Smith Jennifer N, Emlen Douglas J, Pearson Dean E
Division of Biological Sciences, University of Montana, Missoula, Montana, United States of America.
Rocky Mountain Research Station, United States Department of Agriculture, Forest Service, Missoula, Montana, United States of America.
PLoS One. 2016 Apr 15;11(4):e0153661. doi: 10.1371/journal.pone.0153661. eCollection 2016.
Theoretically, the functional traits of native species should determine how natives respond to invader-driven changes. To explore this idea, we simulated a large-scale plant invasion using dead spotted knapweed (Centaurea stoebe) stems to determine if native spiders' web-building behaviors could explain differences in spider population responses to structural changes arising from C. stoebe invasion. After two years, irregular web-spiders were >30 times more abundant and orb weavers were >23 times more abundant on simulated invasion plots compared to controls. Additionally, irregular web-spiders on simulated invasion plots built webs that were 4.4 times larger and 5.0 times more likely to capture prey, leading to >2-fold increases in recruitment. Orb-weavers showed no differences in web size or prey captures between treatments. Web-spider responses to simulated invasion mimicked patterns following natural invasions, confirming that C. stoebe's architecture is likely the primary attribute driving native spider responses to these invasions. Differences in spider responses were attributable to differences in web construction behaviors relative to historic web substrate constraints. Orb-weavers in this system constructed webs between multiple plants, so they were limited by the overall quantity of native substrates but not by the architecture of individual native plant species. Irregular web-spiders built their webs within individual plants and were greatly constrained by the diminutive architecture of native plant substrates, so they were limited both by quantity and quality of native substrates. Evaluating native species traits in the context of invader-driven change can explain invasion outcomes and help to identify factors limiting native populations.

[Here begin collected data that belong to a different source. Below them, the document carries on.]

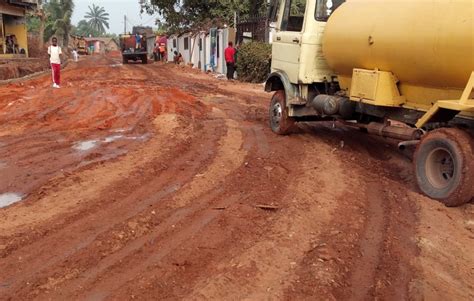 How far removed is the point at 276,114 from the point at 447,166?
4.16 meters

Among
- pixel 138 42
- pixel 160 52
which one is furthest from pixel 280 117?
pixel 160 52

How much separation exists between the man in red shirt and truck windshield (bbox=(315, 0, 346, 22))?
46.3ft

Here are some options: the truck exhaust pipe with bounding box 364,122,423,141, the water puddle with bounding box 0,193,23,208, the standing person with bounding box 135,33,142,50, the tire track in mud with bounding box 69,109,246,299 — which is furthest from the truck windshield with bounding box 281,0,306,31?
the standing person with bounding box 135,33,142,50

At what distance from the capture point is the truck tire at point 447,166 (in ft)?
17.2

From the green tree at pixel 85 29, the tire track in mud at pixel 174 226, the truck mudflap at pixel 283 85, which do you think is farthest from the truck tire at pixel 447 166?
the green tree at pixel 85 29

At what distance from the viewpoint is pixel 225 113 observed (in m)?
12.1

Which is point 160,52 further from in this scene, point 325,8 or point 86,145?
point 325,8

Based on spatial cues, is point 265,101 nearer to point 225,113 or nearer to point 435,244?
point 225,113

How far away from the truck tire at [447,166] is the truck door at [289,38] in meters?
3.14

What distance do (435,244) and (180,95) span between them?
1140 centimetres

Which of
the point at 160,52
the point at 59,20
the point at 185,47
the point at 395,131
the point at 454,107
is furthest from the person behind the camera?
the point at 59,20

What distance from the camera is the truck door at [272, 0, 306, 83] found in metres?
8.36

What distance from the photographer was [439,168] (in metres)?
5.82

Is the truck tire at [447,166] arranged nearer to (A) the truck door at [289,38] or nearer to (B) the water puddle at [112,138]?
(A) the truck door at [289,38]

从理论上讲,本地物种的功能性状应能决定其对入侵者引发的变化的反应方式。为探究这一观点,我们用死亡的斑点矢车菊(Centaurea stoebe)茎模拟了一场大规模的植物入侵,以确定本地蜘蛛的结网行为能否解释蜘蛛种群对由C. stoebe入侵引起的结构变化的反应差异。两年后,与对照相比,模拟入侵地块上不规则结网蜘蛛的数量多出30倍以上,圆网蜘蛛的数量多出23倍以上。此外,模拟入侵地块上的不规则结网蜘蛛所结的网面积大4.4倍,捕获猎物的可能性高5.0倍,导致繁殖量增加2倍以上。不同处理之间,圆网蜘蛛在网的大小或猎物捕获方面没有差异。结网蜘蛛对模拟入侵的反应模仿了自然入侵后的模式,证实C. stoebe的结构可能是驱动本地蜘蛛对这些入侵做出反应的主要因素。蜘蛛反应的差异归因于相对于历史网底物限制而言的结网行为差异。该系统中的圆网蜘蛛在多株植物之间结网,因此它们受到本地底物总量的限制,但不受单个本地植物物种结构的限制。不规则结网蜘蛛在单株植物内结网,受到本地植物底物微小结构的极大限制,因此它们受到本地底物数量和质量的双重限制。在入侵者引发的变化背景下评估本地物种性状可以解释入侵结果,并有助于确定限制本地种群数量的因素。